From: Ard Biesheuvel <ard.biesheuvel@linaro.org>
To: sunrui26@huawei.com
Cc: Catalin Marinas <catalin.marinas@arm.com>,
Will Deacon <will.deacon@arm.com>,
linux-arm-kernel <linux-arm-kernel@lists.infradead.org>,
Linux Kernel Mailing List <linux-kernel@vger.kernel.org>
Subject: Re: Re: [PATCH] arm64: crc: accelerated-crc32-by-64bytes
Date: Sat, 24 Nov 2018 10:56:41 +0100 [thread overview]
Message-ID: <CAKv+Gu-ffSgS-ZH58u5mNYnqR0++osS-PHn8oHW72o2kRfDYCw@mail.gmail.com> (raw)

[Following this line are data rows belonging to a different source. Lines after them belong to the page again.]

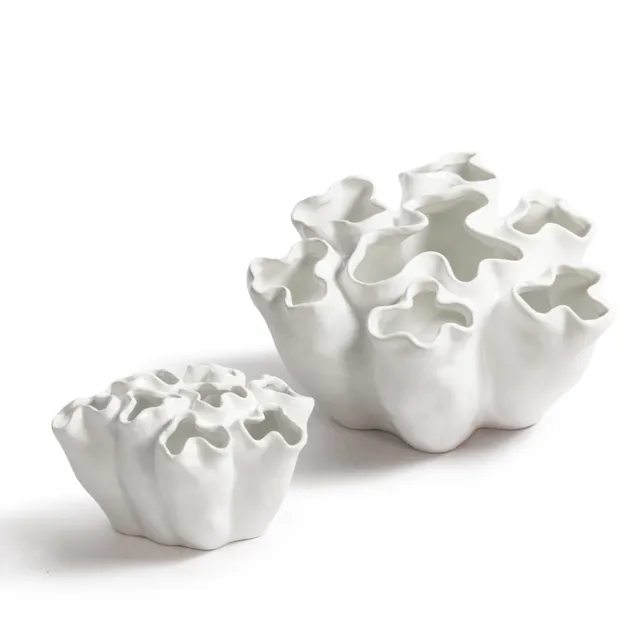 Galore Home Fleur Cluster CCE35 vaso bianco grande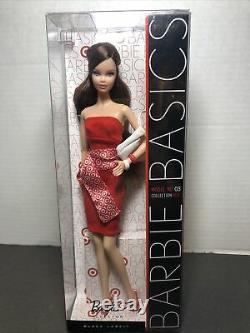 Rare Mattel Barbie Basics Target Model 03 Red Collection Black Label 22 V0333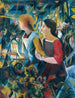 Twee meisjes - August Macke — weergave van het kunstwerk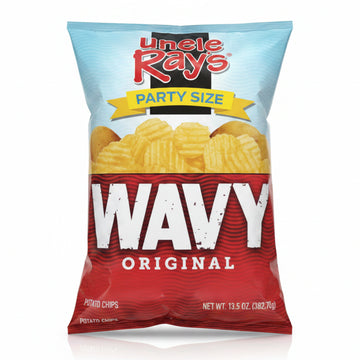 Uncle Ray's Wavy Potato Chips, Original (13.5 OZ) - Papaya Express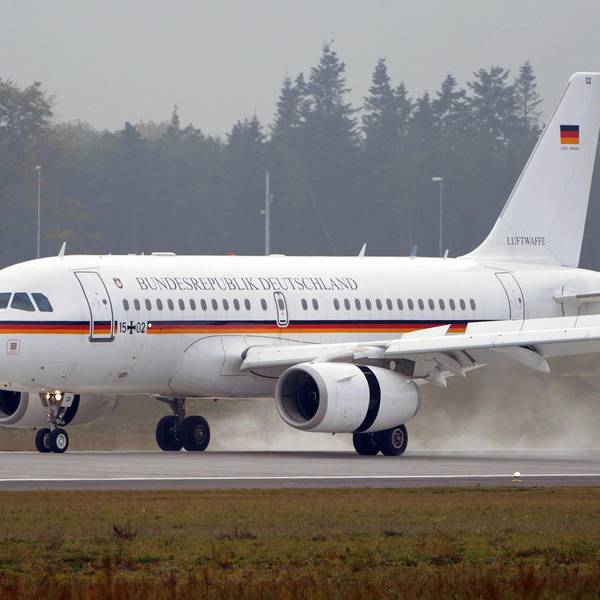 Regierungsflieger Merkel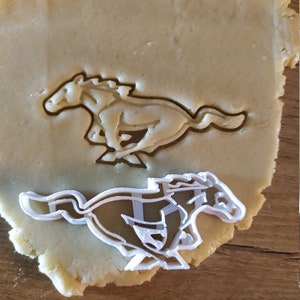 Mustang Horse Cutter Shape Cookie Cutter Clay Salt Dough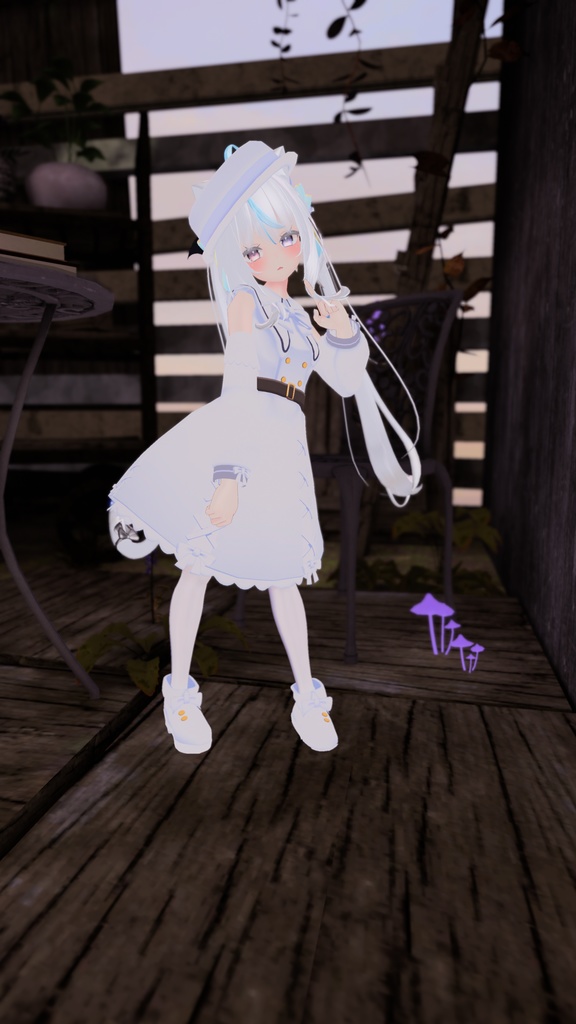 お忍びヴァンパイアドレス【20アバター対応】【パーティクル付き】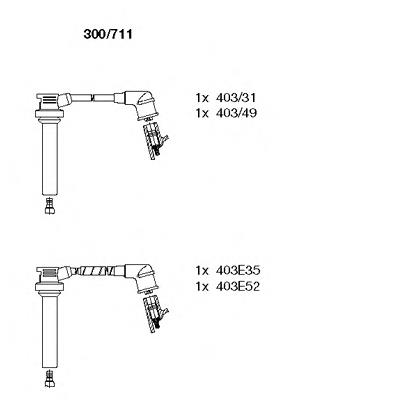 300-711 Bremi fios de alta voltagem, kit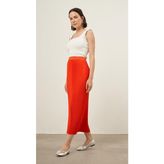 Beys Design 24SS59042 Beys Desıgn Plise Etek - Kırmızı - 3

In-Reply-To: <0DF8AA8C9CD0FB4ABF4E83674055F7E2D82974@dggemi508-mbx.china.huawei.com>
On Sat, 24 Nov 2018 at 07:42, sunrui <sunrui26@huawei.com> wrote:
>
>
> On Thu, 22 Nov 2018 at 02:50, sunrui <sunrui26@huawei.com> wrote:
> >
> >
> >
> > On Sun, 18 Nov 2018 at 23:30, Rui Sun <sunrui26@huawei.com> wrote:
> >
> > >
> >
> > > add 64 bytes loop to acceleration calculation
> >
> > >
> >
> >
> >
> > Can you share some performance numbers please?
> >
> >
> >
> > Also, we don't need 64 byte, 32 byte and 16 byte code paths: just make the 8 byte one a loop as well, and drop the 32 byte and 16 byte ones.
> >
> >
> >
> > --
> >
> >
> >
> > Consider of some processor has instruction N-way parallel function, with the increase of the data buf’s size, 64B loop will performance better than 16B loop.
> >
> >
> >
> > On the other hand, in the same environment I tested the 8B loop, which is worse than the 16-byte loop.
> >
> >
> >
> > The test result is shown in the fellow excel(crc test result.xlsx)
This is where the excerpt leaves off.